An elegy set in the divided Northern Ireland of the 1970s, Heaney's "Casualty" takes conflict as its key theme. It explores how conflict can affect those who, like the unnamed former fisherman who is the subject of the poem, have offered only a "turned back" to it.

The "casualty" is not involved in what is going on; he doesn't really want to think about it. His key preoccupation is drinking. He "drank like a fish" and would ignore all warnings and curfews in order to do it. While we know he was not unaware of what was going on—he was "observant" and had "tact"—he "would not be held" at home and refused to be part of his "tribe's complicity." In the speaker's mind, the dead man asks him to "puzzle" the question of whether this makes him culpable in his own death: "blown to bits" by a parachute regiment stationed in Bogside. The speaker does not answer this question. He cannot answer it himself. Should we take sides in conflicts? Does this make us safer? Conflict, the poem indicates, affects everyone who is in its proximity, whatever their personal attitudes to it.

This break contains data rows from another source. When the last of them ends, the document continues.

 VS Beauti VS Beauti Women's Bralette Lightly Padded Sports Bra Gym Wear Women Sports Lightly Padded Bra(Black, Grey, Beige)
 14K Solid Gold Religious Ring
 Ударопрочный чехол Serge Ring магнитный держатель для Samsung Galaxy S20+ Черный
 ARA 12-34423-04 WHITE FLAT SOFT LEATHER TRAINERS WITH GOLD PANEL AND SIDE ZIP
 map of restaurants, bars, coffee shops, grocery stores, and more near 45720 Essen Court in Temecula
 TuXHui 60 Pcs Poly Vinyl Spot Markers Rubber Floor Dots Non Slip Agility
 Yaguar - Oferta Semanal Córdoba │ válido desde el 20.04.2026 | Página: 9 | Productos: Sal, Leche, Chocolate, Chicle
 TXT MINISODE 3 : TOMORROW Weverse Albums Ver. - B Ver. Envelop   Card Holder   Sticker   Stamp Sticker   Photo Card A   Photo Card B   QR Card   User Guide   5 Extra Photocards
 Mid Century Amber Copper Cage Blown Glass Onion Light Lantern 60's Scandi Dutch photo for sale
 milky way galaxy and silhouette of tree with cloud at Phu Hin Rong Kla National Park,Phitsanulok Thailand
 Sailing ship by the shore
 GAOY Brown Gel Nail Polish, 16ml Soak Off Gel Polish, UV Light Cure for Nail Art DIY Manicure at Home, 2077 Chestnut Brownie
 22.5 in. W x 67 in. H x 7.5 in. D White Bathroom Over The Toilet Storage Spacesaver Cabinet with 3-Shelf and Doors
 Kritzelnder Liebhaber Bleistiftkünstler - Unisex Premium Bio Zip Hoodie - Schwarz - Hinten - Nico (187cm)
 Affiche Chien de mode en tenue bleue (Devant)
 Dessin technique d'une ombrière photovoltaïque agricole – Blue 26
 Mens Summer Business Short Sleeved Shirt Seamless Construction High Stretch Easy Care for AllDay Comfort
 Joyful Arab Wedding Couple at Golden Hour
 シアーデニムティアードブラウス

Another theme in this poem is that of belonging and where our "proper haunt" truly is. This intersects again with the political context of the poem. The people of Northern Ireland were (and to an extent, remain) torn about where they belong—in terms of religion, language, and nationality. This inability to feel secure or in the right place feeds into the conflict. The casualty, meanwhile, is imagined as literally a fish out of water; while seeking that water, he "drank like a fish," as if to become one again. Finally, in the end of the poem he finds his home "somewhere, well out, beyond. . ."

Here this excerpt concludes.